Die Sache mit dem Aufsteigen

Es gibt eine Sache, die mir sehr wichtig ist und die ich meinen Pferden von Beginn an vermittelt habe: Und zwar die, dass sie sich an alle möglichen und unmöglichen Orte hinstellen lassen, damit ich aufsteigen kann.

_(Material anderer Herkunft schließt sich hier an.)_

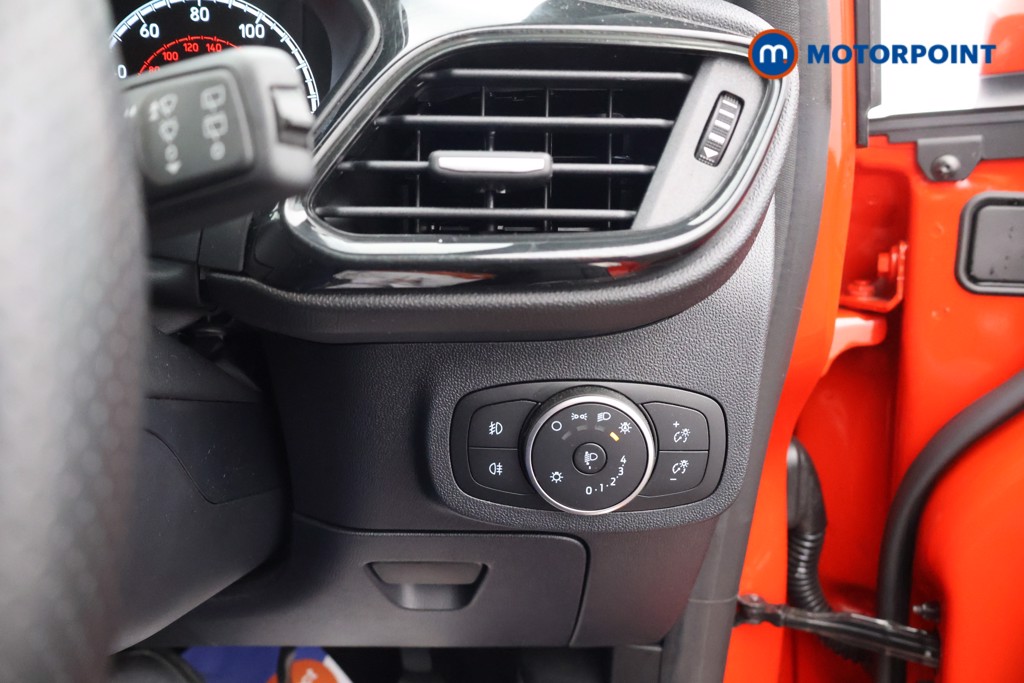 Used Ford Fiesta 2022 for sale - 76333030: Photo 15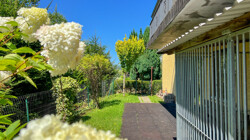 Terrasse Garten UG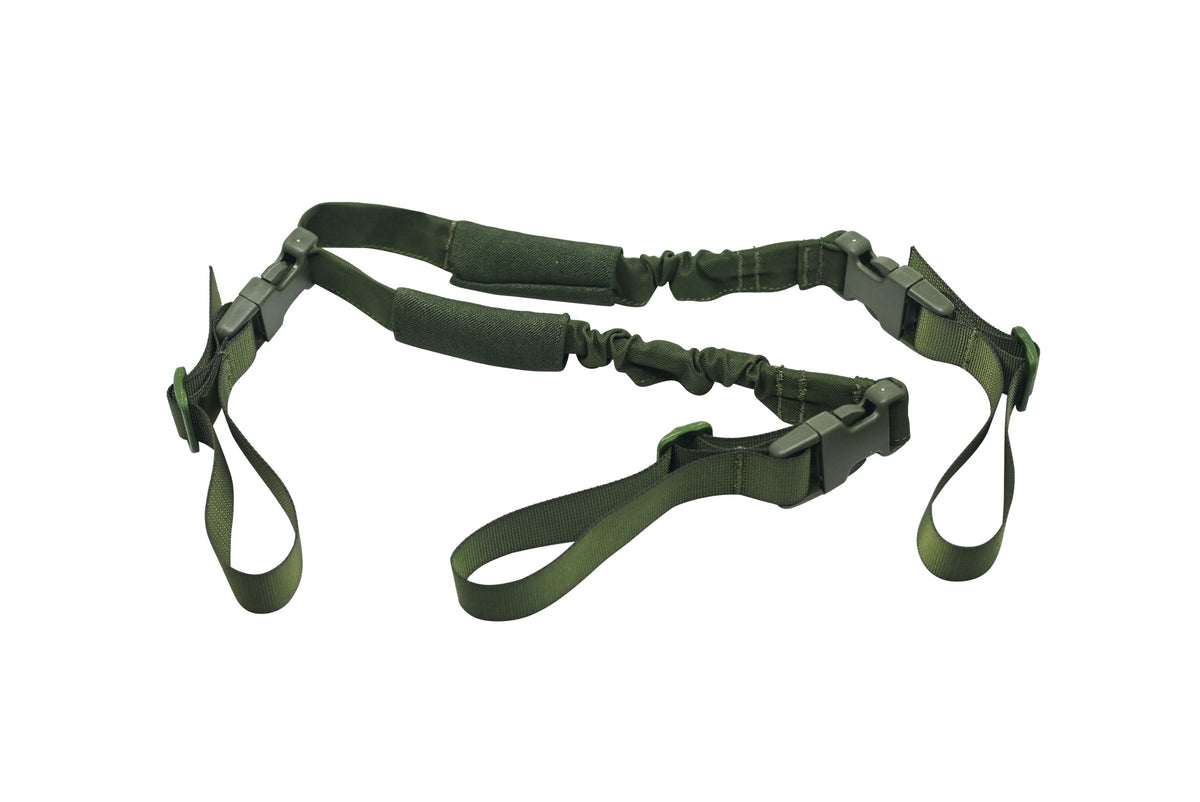 SHS-2049 V BUNGEE SLING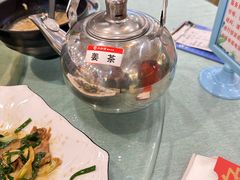 -大师傅金奖啤酒鱼(西街口总店)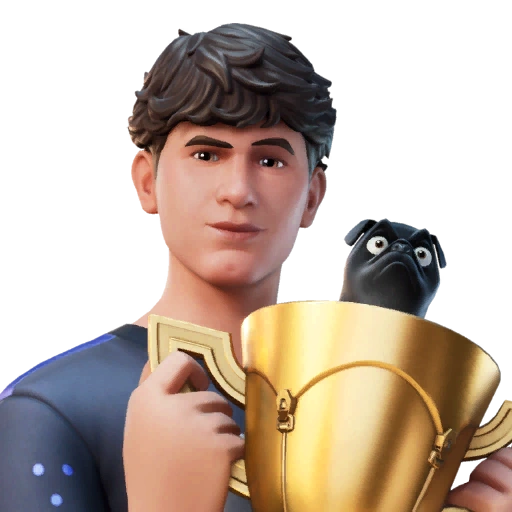 Guaranteed skin: Bugha | Full Access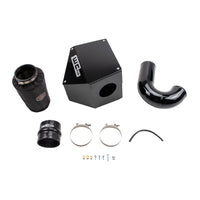 Wehrli 98.5-02 Cummins 5.9L 4in Intake Kit - Deore Gold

In der Halle haben wir eine prima Aufstieghilfe, da ist es ganz einfach:

aufsteigen_an_halle.jpg

Wenn ich vom Stall losreite, haben wir dort eine selbstgebaute Aufstieghilfe, von der ich aufs Pferd komme:

aufsteigen_ar_draussen.jpg

Dort habe ich das Stehenbleiben z.B. mit Anthony schon geübt, bevor ich überhaupt auf seinem Rücken saß, indem ich ihn einfach daran gewöhnte, stehen zu bleiben, wenn ich irgendwo erhöht neben ihm bin:

aufsteigen_an_ueben.jpg

Und so kann ich auch im Gelände von verschiedenen Stellen aufsteigen. Hier kann man sehen, wie ich Aramis zu einem großen Stein führe, von dem ich aus aufsteigen möchte:

aufsteigen_ar1.jpg

Er wartet brav, bis ich oben bin und dann geht es los:

aufsteigen_ar2.jpg

Da ich oft auch ohne Sattel unterwegs bin, bin ich auf alles mögliche angewiesen und trainiere das Aufsteigen von ganz verschiedenen Punkten – hier z.B. mit Anthony von einem kleinen Baumstumpf aus:

aufsteigen_an.jpg

Auch der Kleine wartet geduldig, bis ich oben bin und mich sortiert habe und erst dann geht es los.

aufsteigen_an2.jpg

Mir war es das wert, hier sehr geduldig und konsequent zu sein und ggf. mehrmals anzusetzen, wenn die Pferde von sich aus loslaufen o.ä., denn gerade wenn man von ungewöhnlichen Orten aufsteigt, braucht man die Verlässlichkeit, dass das Pferd nicht im falschen Moment einen Schritt zur Seite oder nach vorne macht. Zur Belohnung fürs brave Stehen gibt es immer eine Leckerei, was beide für das Warten movitiert. Und wenn die Pferde das gewohnt sind, kann man so ziemlich alles zum Aufsteigen nutzen :-D

26. Februar 2009 von Tania • Kategorie: Reiten 8 Kommentare »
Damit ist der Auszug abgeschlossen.